Cuando el negocio se define a sí mismo, como es el caso de La Castellana, el listón permanece muy alto. Aunque la esencia sigue intacta, hay algunos cambios visibles en el escaparate. «Pusimos un cartel enfocado a la hostelería y a la venta de estores y persianas. Desde entonces, hemos notado un aumento de ventas», explica César. «Estoy cogiendo las riendas de La Castellana. He trabajado mucho aquí, desde otro lugar, no de cara al público, pero me adapto», añade.

Sobrevivir en un mercado tan competitivo no es tarea fácil, especialmente cuando se trata de un negocio local. La competencia es constante y las grandes marcas imponen un ritmo desafiante. Por eso es fundamental reinventarse, buscar nuevas formas de destacar y adaptarse a las necesidades del cliente.

Mantener la fidelidad de quienes ya confían en lo que ofreces requiere cercanía y un servicio impecable. «Resistimos con el paso de los años, con el mejor producto que podamos aportar.
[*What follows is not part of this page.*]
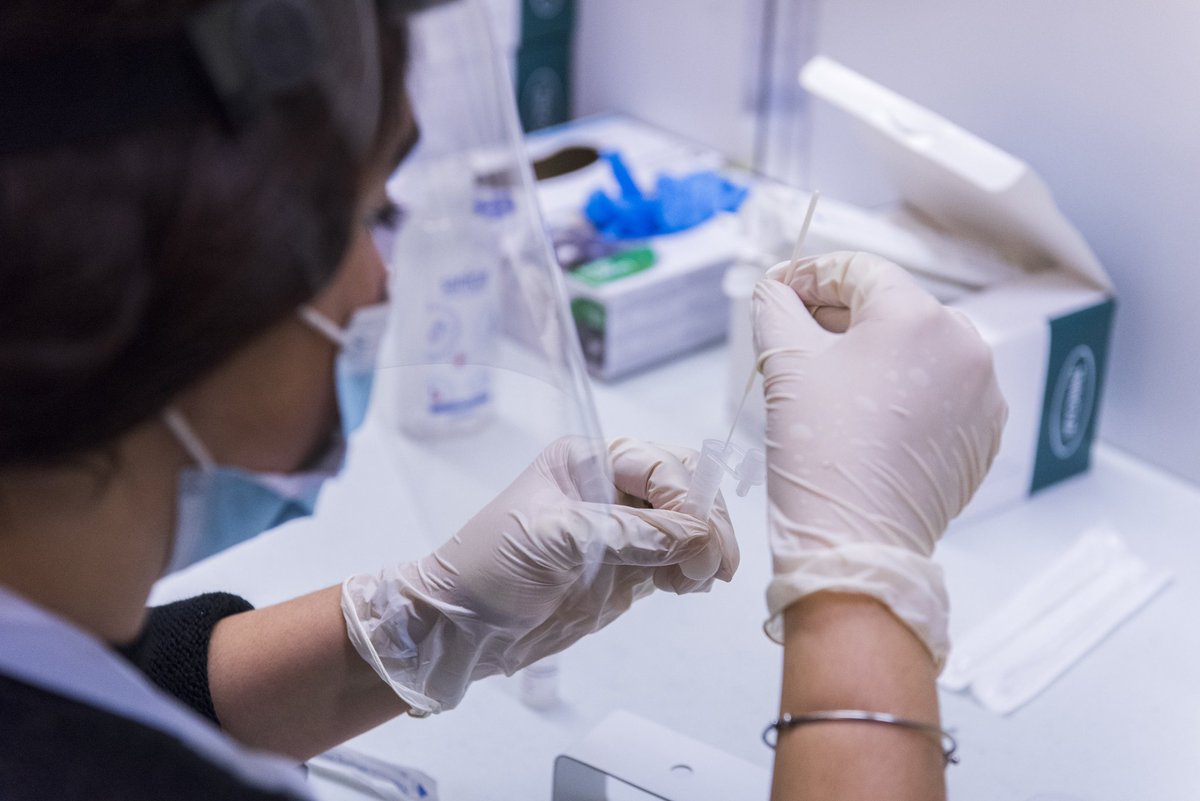 The tests are simple, safe & staff are there to guide people through. They are processed on site & results texted within an hour. Any positive result requires immediate self isolation & a further confirmatory test, but these rapid tests are a vital tool to help  #keephackneysafe.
Aquí viene mucha gente con sábanas de hace más de treinta años compradas aquí», comenta. «Vienen con ellas en perfecto estado, y las cambian porque quieren, no porque se aburriesen de ellas o porque estén o estropeadas». Y los beneficios se notan. César cuenta con la ayuda de un empleado, pero con vistas a ampliar la plantilla. «Estamos a tope, tengo un empleado... que lo tengo, al pobre, trabajando sin parar. Me hace falta otro para echarnos una mano, mínimo uno más», sostiene.

Tras cada trabajo hay un sinfín de tareas invisibles que sostienen el funcionamiento de cualquier negocio. Son los esfuerzos silenciosos, la planificación, la logística y los pequeños detalles que no siempre se notan, pero son esenciales. Desde el orden administrativo hasta el mantenimiento, todo contribuye al éxito final.

La Castellana tiene cuatro plantas, ni más ni menos. Una de ellas, la que vemos a pie de calle, para atender a los clientes; otra para almacenar mercancía —que no es poca—; y una tercera para confeccionar, cortar y preparar pedidos. «La cuarta planta es una vivienda y ahora está vacía. Pertenece a la jefa», explica César.

La Castellana lleva 85 años en funcionamiento gracias al esfuerzo y la dedicación. No importa quién esté al frente, lo que se ha mantenido constante es la forma de trabajar, con el cuidado en cada pedido. Esa continuidad en los valores y en la manera de hacer las cosas es lo que ha permitido que tanto Esther, como César, o como quien venga detrás, sigan haciendo historia.

Padre de una niña y un negocio

Al hablar de su hija y de sus sueños, César desea un futuro diferente, lleno de nuevas oportunidades. Su compromiso con la tienda refleja el amor y respeto por sus raíces, a la vez que impulsa el deseo de ofrecer a su hija un camino propio. «Quiero que mi hija sea importante, que sea alguien. A ella le gustaría ser veterinaria», añade César.

Qué relativo. Los valores de La Castellana son importantes, César —en sí mismo— es importante. Porque si algo representa a este negocio es que los clientes entran y salen de la tienda, pero nunca cierran la puerta al salir.